HOW TO COMPLETE THIS TASK:
Write out exactly the lines below starting at the one containing "Brick and stone" and ending at the one containing "The measurements are;". Omit every picture.

ENTRIES SUPPLIED:
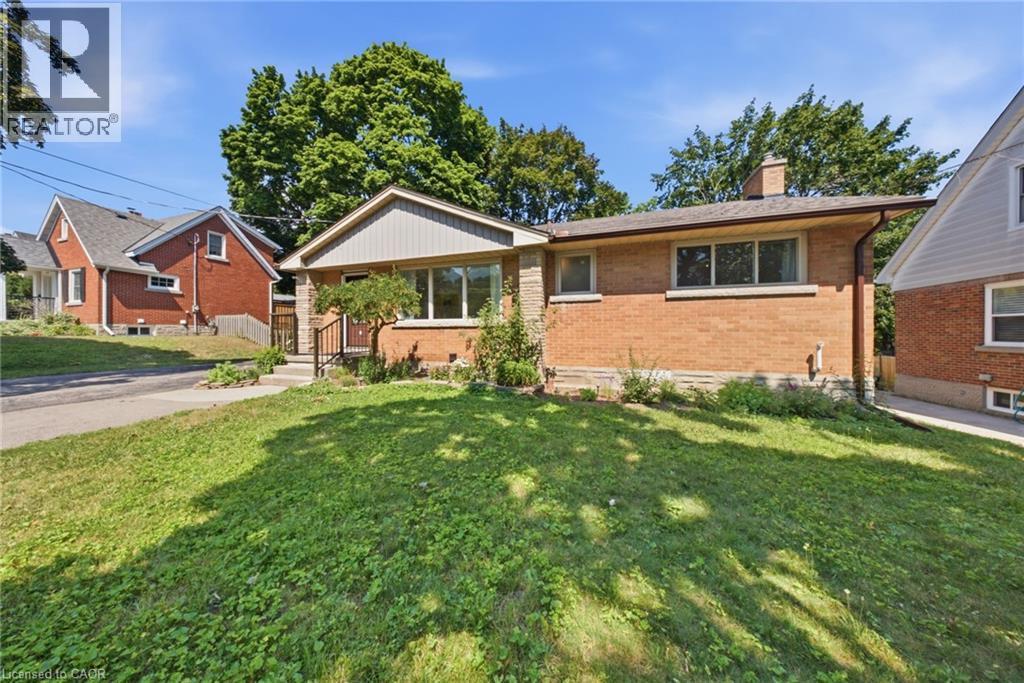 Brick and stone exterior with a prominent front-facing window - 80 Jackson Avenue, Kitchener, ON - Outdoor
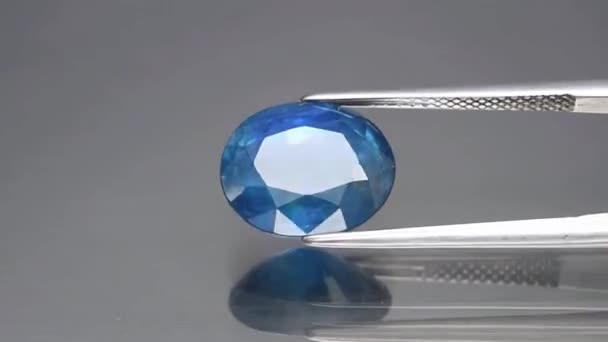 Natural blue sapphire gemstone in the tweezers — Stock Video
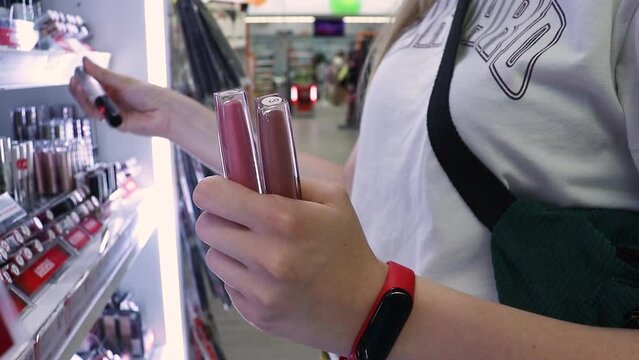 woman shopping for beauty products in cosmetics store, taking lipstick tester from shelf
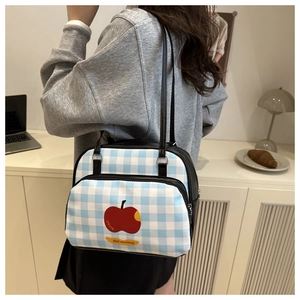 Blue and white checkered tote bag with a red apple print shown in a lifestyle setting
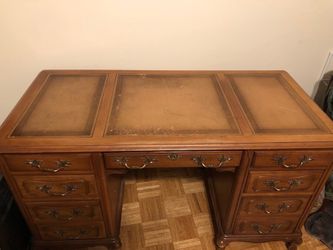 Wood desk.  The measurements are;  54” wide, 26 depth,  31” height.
==
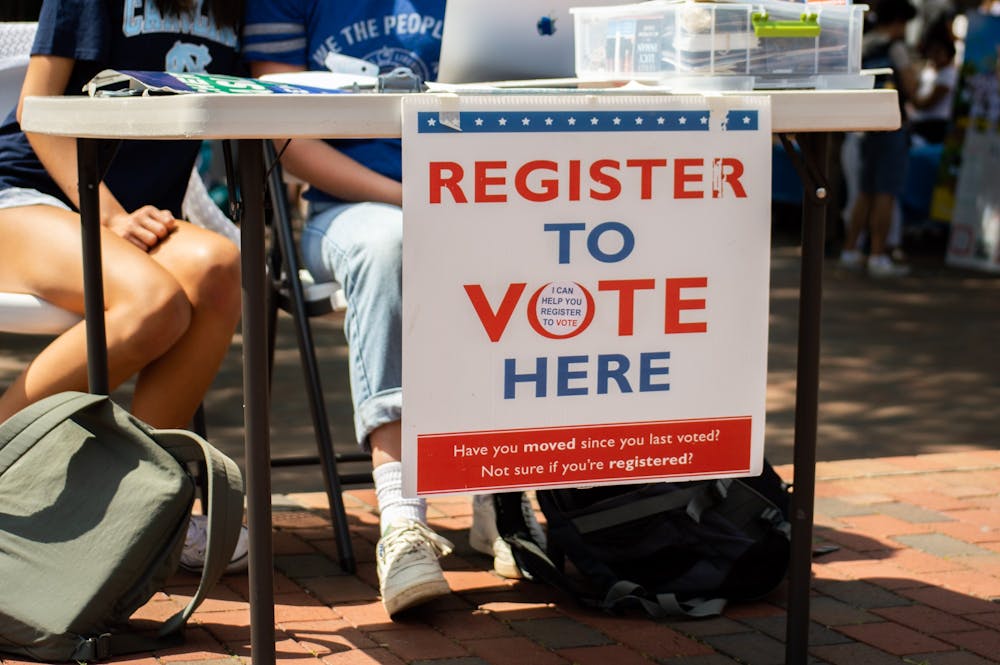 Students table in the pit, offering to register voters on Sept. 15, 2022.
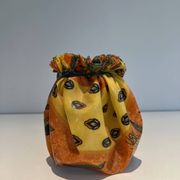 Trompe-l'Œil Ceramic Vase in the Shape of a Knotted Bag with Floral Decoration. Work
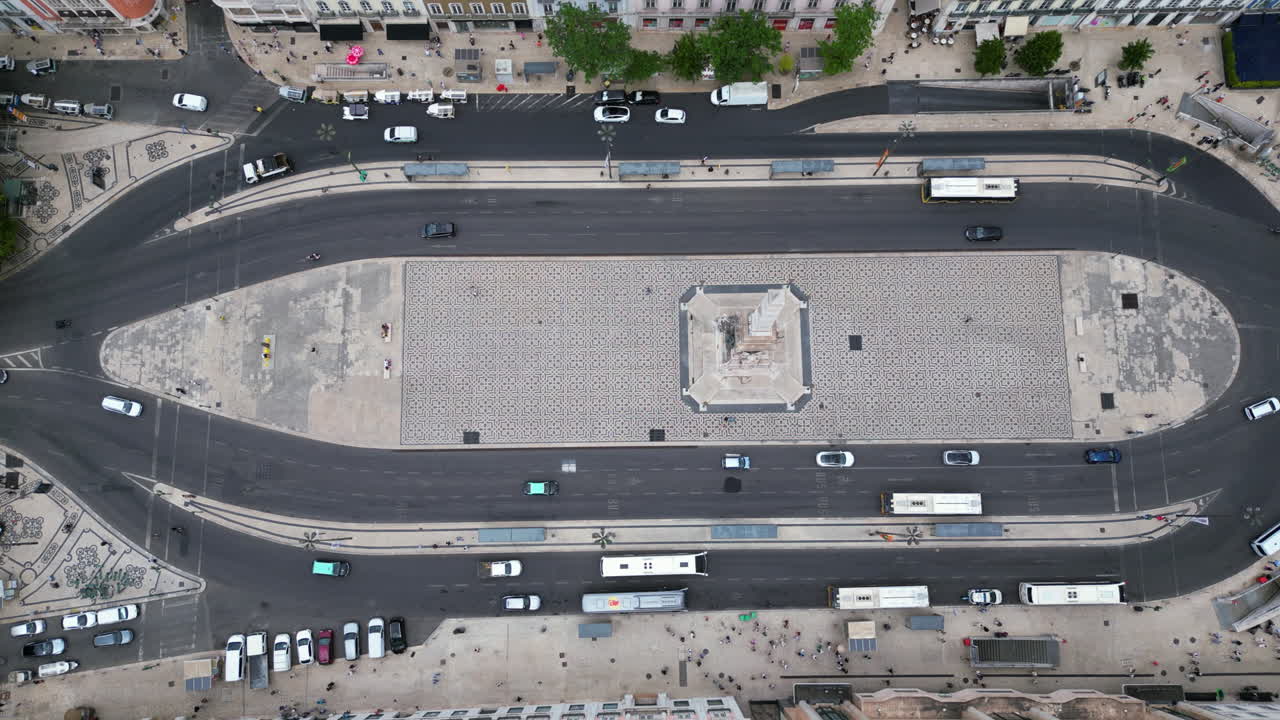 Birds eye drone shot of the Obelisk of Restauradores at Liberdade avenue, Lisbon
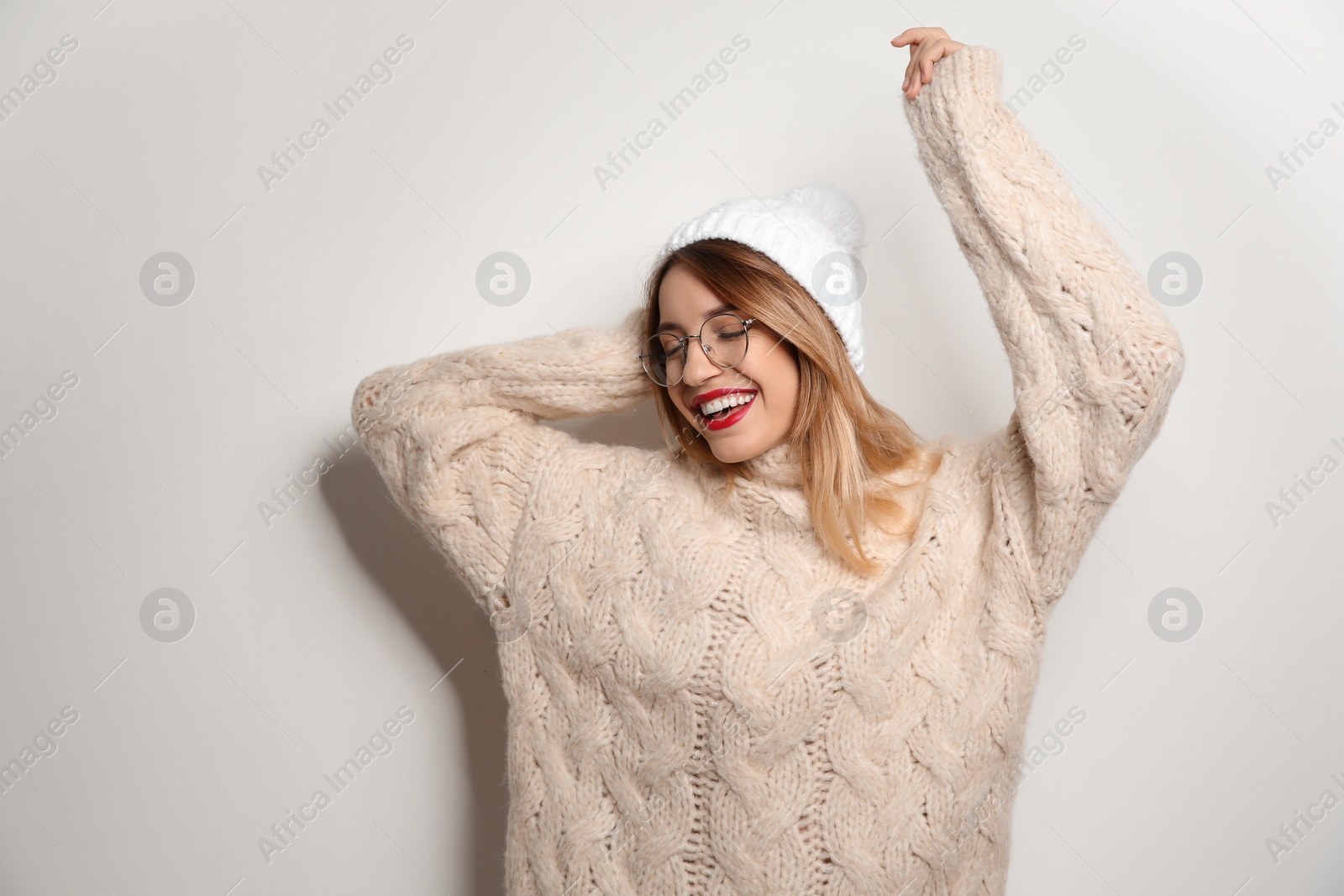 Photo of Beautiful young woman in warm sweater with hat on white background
* * *
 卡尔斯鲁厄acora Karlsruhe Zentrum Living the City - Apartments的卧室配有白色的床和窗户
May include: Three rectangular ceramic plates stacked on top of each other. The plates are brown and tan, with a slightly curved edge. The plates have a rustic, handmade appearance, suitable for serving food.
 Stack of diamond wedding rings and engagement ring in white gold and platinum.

WRITTEN RESPONSE:
 Brick and stone exterior with a prominent front-facing window - 80 Jackson Avenue, Kitchener, ON - Outdoor
 Natural blue sapphire gemstone in the tweezers — Stock Video
 woman shopping for beauty products in cosmetics store, taking lipstick tester from shelf
 Blue and white checkered tote bag with a red apple print shown in a lifestyle setting
 Wood desk.  The measurements are;  54” wide, 26 depth,  31” height.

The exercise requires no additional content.